Note: For testing, it's possible using GCC to force char to be unsigned by
adding the -funsigned-char parameter to xCXXFLAGS.

8c8e8c2e93

laanwj commented at 5:25 AM on April 18, 2012: member

The 'signed char' doesn't really make me happy. We use 'char' with the implicit assumption that it's signed all over the code base. Many programs do this. We make worse assumptions about data types (see #888). Changing this assumptions will require quite some thought especially in serialize.h.

Why not just pass -fsigned-char for now?

ACK on adding an entry/comma, good catch

dlitz commented at 5:46 AM on April 18, 2012: contributor

Assuming that 'char' is signed is a bug; ISO C and C++ leave it undefined. The fact that Satoshi's prototype was a little bit sloppy isn't much of a reason to never fix these bugs.

Is -fsigned-char portable? (Does clang support it?) What happens when you link against a library that defines char differently?

Since I've already put in the effort of finding these and submitting a patch to fix them, why wouldn't you accept the patch? These bugs aren't going to get fixed, otherwise.

laanwj commented at 5:50 AM on April 18, 2012: member

Yes, clang supports that option. So does MSVC2010. Linking against a library that defines char otherwise should not be a problem as the in-memory representation is the same.

I agree that it's no reason to never fix these, but have you checked all other places where char is used? Are you sure that unsigned chars won't break on some obscure serialization cases? (that are currently not covered by unit tests?)

If not, we can not support compiling with unsigned chars.

laanwj commented at 6:02 AM on April 18, 2012: member

Eventually the fix would be to forbid the usage of plain char completely, and define our own typedefs for signed and unsigned char (or use posix uint8_t / int8_t, even better as we assume 8-bitness?), and force the use of those everywhere.

Edit: but don't get me wrong, I'm not opposed to accepting this. I'm just wary that it might not solve the entire issue.

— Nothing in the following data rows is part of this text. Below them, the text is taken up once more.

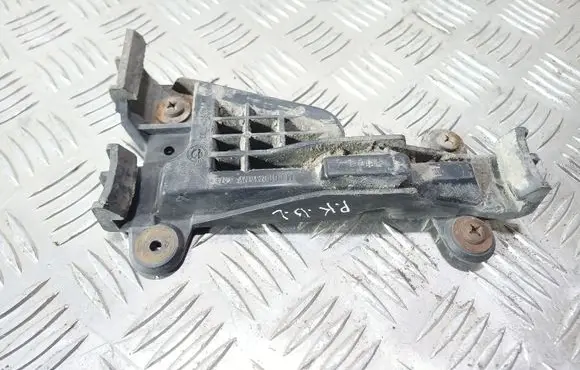Audi A6 S6 C4 4A Front bumper mounting bracket 4A0807283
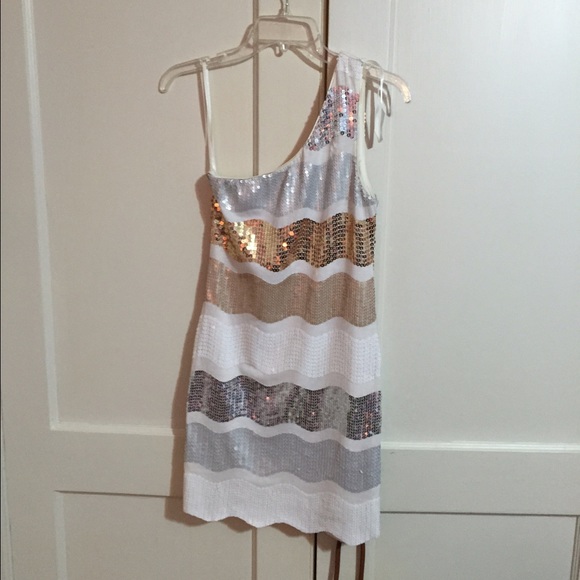 Sequin dress. White/Gold/silver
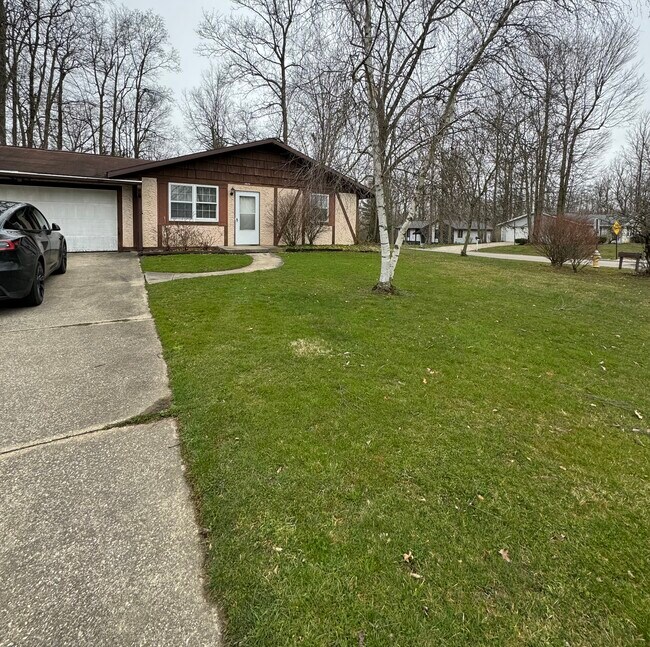 1826 Pheasant Trl Townhome Townhome Rental in Mansfield OH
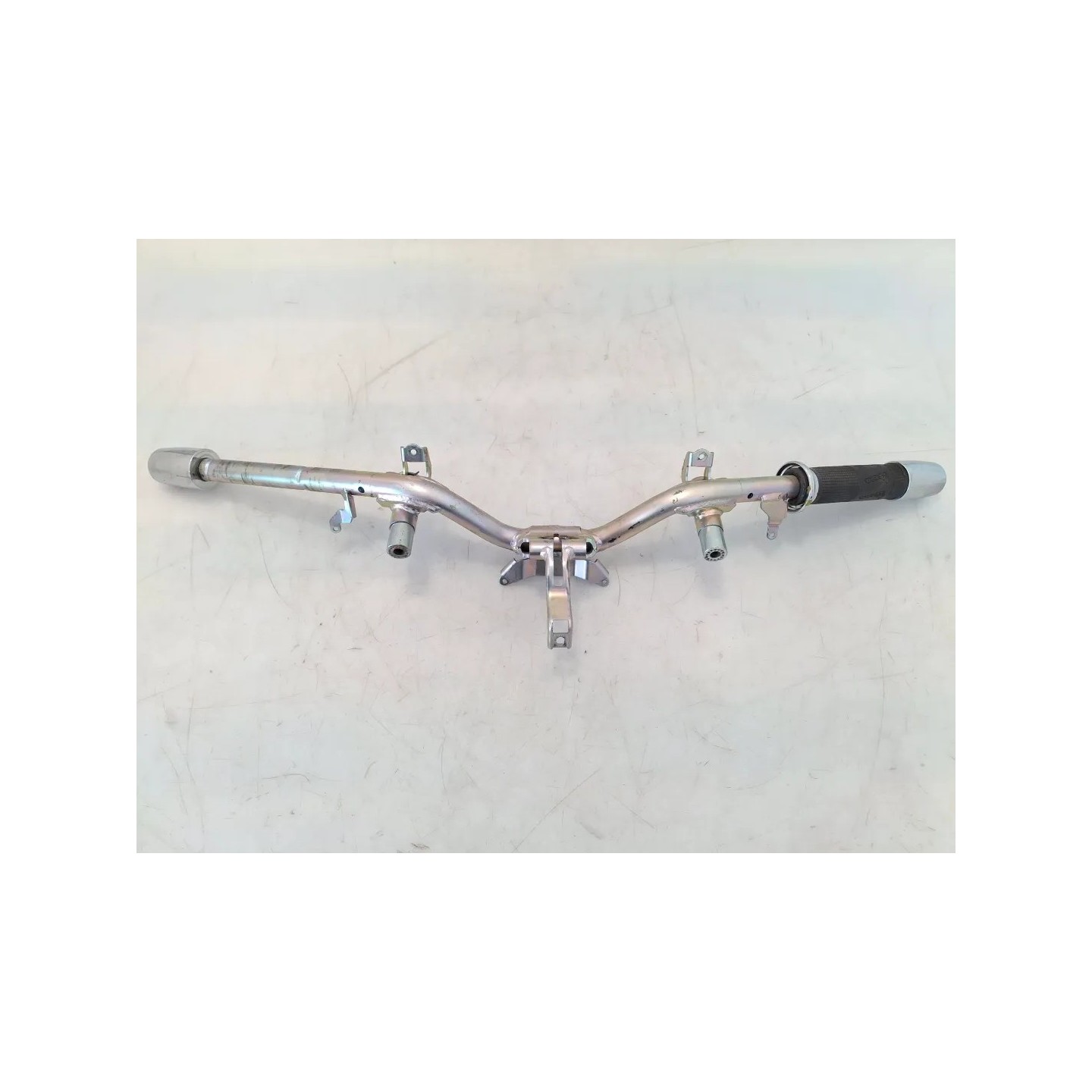 Manubrio Piaggio Vespa 300 GTS hpe (E5) Vespa 300 GTS hpe Super ABS 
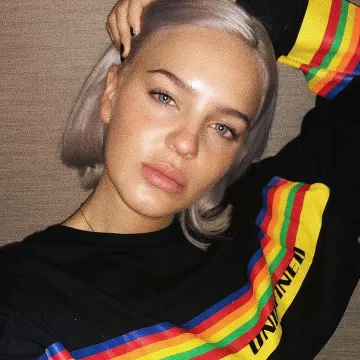 Camiseta de manga larga oversize de Asos Design con estampado indefinido arco iris usada por Anne-Marie Nicholson en Instagram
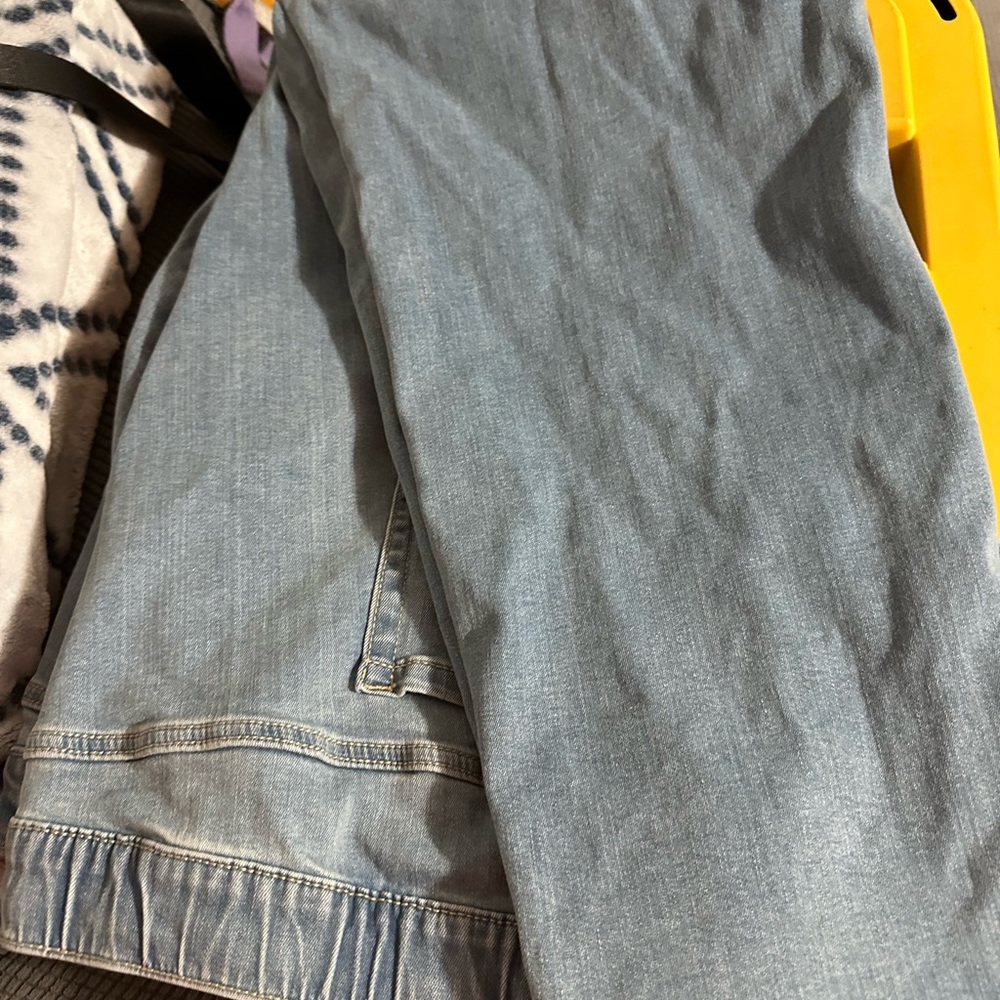 Torrid Super Soft Pull on Boyfriend mid rise Jeans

dlitz commented at 1:41 PM on April 18, 2012: contributor

Actually, not every use of char needs to be changed. Cases where char refers to the characters of a human-readable string should be left as-is (since things like open use const char *).

I searched for every instance of char, and skipped anything that looked like it was just ordinary string handling. GCC was helpful, because it gave warnings where >= 0 checks were being done on an unsigned char variable. Admittedly, I used my intuition to make that call. I'm more familiar with C than I am with C++, and I'm not extremely familiar with the Bitcoin codebase. You're right that this might not solve the entire issue, but I think it's a useful step.

It might be useful for other developers to use -funsigned-char on x86 and see if they get the results they expect. I tried that and it seems to work fine, but I didn't exercise it too hard. bitcoind still segfaults after a while when downloading the block chain when I emulate armel using qemu-user, but it also complains about some unsupported syscall number, so I suspect the crash has more to do with qemu than with bitcoind. (Unfortunately, I don't have real ARM hardware to test on at the moment.)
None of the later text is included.